# Exploratory Data Analysis (EDA)

In this notebook, we will perform exploratory data analysis on the COVID-19 dataset. We will calculate basic statistics and visualize trends and patterns in the data.

In [1]:
import pandas as pd
import matplotlib.pyplot as plt
import seaborn as sns

# Load the dataset
data = pd.read_csv('../data/covid19_data.csv')

# Display the first few rows of the dataset
data.head()

In [2]:
# Calculate basic statistics
statistics = data.describe()
statistics

In [3]:
# Convert date column to datetime format
data['date'] = pd.to_datetime(data['date'])

# Set date as index
data.set_index('date', inplace=True)

# Plotting daily cases over time
plt.figure(figsize=(14, 7))
plt.plot(data['daily_cases'], label='Daily Cases', color='blue')
plt.title('Daily COVID-19 Cases Over Time')
plt.xlabel('Date')
plt.ylabel('Number of Cases')
plt.legend()
plt.grid()
plt.show()

In [4]:
# Plotting daily deaths over time
plt.figure(figsize=(14, 7))
plt.plot(data['daily_deaths'], label='Daily Deaths', color='red')
plt.title('Daily COVID-19 Deaths Over Time')
plt.xlabel('Date')
plt.ylabel('Number of Deaths')
plt.legend()
plt.grid()
plt.show()

In [5]:
# Grouping data by region for comparative analysis
grouped_data = data.groupby('region').sum()

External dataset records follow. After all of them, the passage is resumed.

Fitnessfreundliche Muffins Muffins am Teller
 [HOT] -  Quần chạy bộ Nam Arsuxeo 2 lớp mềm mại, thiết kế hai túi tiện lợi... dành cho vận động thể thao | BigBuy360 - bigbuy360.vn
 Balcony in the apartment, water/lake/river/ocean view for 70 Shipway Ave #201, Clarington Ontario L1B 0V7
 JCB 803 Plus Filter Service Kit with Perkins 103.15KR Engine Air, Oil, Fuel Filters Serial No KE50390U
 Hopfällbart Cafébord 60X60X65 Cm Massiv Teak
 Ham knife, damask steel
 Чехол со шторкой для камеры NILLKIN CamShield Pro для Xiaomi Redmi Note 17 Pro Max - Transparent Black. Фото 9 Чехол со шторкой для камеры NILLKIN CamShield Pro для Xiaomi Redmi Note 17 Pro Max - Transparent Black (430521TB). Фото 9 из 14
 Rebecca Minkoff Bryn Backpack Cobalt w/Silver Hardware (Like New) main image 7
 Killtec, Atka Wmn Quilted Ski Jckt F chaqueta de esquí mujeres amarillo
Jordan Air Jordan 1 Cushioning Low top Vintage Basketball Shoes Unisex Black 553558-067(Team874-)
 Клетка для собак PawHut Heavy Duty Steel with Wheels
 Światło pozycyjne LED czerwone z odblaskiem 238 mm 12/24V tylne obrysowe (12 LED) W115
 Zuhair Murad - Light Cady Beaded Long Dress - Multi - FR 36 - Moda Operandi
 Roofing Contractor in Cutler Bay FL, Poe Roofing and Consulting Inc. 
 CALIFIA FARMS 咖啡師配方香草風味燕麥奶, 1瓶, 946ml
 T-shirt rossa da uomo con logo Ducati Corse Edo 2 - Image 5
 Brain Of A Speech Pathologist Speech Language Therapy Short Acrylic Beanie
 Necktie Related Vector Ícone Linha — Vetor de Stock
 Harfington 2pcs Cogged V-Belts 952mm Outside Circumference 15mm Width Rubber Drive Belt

# Plotting total cases by region
plt.figure(figsize=(14, 7))
grouped_data['total_cases'].plot(kind='bar')
plt.title('Total COVID-19 Cases by Region')
plt.xlabel('Region')
plt.ylabel('Total Cases')
plt.xticks(rotation=45)
plt.grid()
plt.show()

## Conclusion

In this exploratory data analysis, we calculated basic statistics and visualized trends in COVID-19 cases and deaths over time. We also compared total cases across different regions. Further analysis can be performed to derive more insights.